Team members must be willing to be creative and take risks. According to Temme and Katzel, "Risk taking plays a major role in the creative process." (1995) They also stress the importance of empowerment and trust. The theory is that in a true team, all members have valid input and ideas. A good team leader is willing to share the power, and members must be willing to share responsibility. In this way, trust can be established.
Understanding group dynamics, offering positive leadership, and laying out a clear and concise plan will greatly increase the probability of the successful and timely completion of a project, and hopefully make it a constructive and positive experience for all involved. Positive leadership is vital to the success of the group. An article in Plant Engineering (Temme & Katzel , Sept.1995, p.112) aptly describes the role of a good leader this way:
Leadership, as it applies to a team in today's work environment, is related to effective coaching and counseling. Coaching means providing direction and assistance to team members so they can succeed.

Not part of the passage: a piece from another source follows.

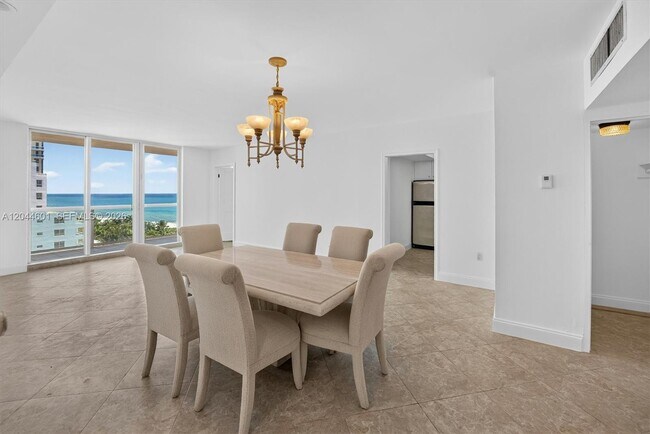 Photo - 5001 Collins Ave Unit 9H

Counseling means careful listening to members' ideas, concerns, and needs; and helping them take responsibility to meet their own needs. Leadership means truly helping team members accomplish team goals and grow and prosper in the process. It is directly related to empowering and challenging employees to be the best they can be.

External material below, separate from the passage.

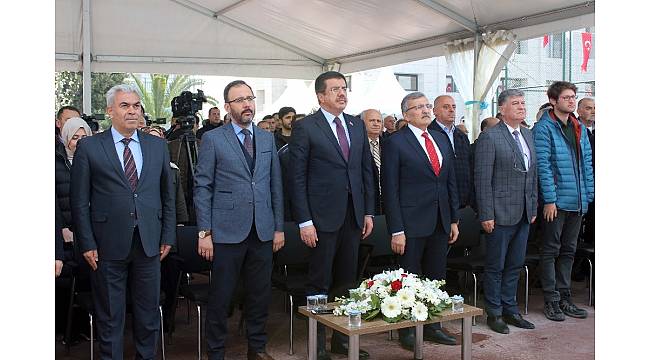 Ekonomi Bakanı Nihat Zeybekci: "Spekülatörler Türkiye'yi kurla ilgili etkilemeye çalışıyor"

A good team leader leads by example, and by tapping in to each member's strengths. When teammates are encouraged to take risks and try new things, positive results are achieved. With supportive models of leadership in place, teams can grow and thrive.
For further reading on this subject, please see the excellent references listed below that I found to be very useful.
Temme, J., & Katzel, J. (Jan 9, 1995). Calling a team a team doesn't mean that it is: successful teamwork must be a way of life. Plant Engineering, 49, n1. p.112(2). Retrieved April 21, 2008, from General OneFile via Gale
DeJanasz-Dowd-Schneider (2001) Interpersonal Skills in Organization, Teams in the Workplace, Chapter 15, 309-329, McGraw-Hill
Carter, C., Bishop, J., & Kravits, S. (2007) Keys to College Studying: Becoming an Active Thinker. Learning Styles, Majors, & Careers: Knowing Your Talents & Finding Your Direction.
Kreitner-Kinicki (2003) Organizational Behavior (6th edition) Group Dynamics, Chapter 12, 408-443.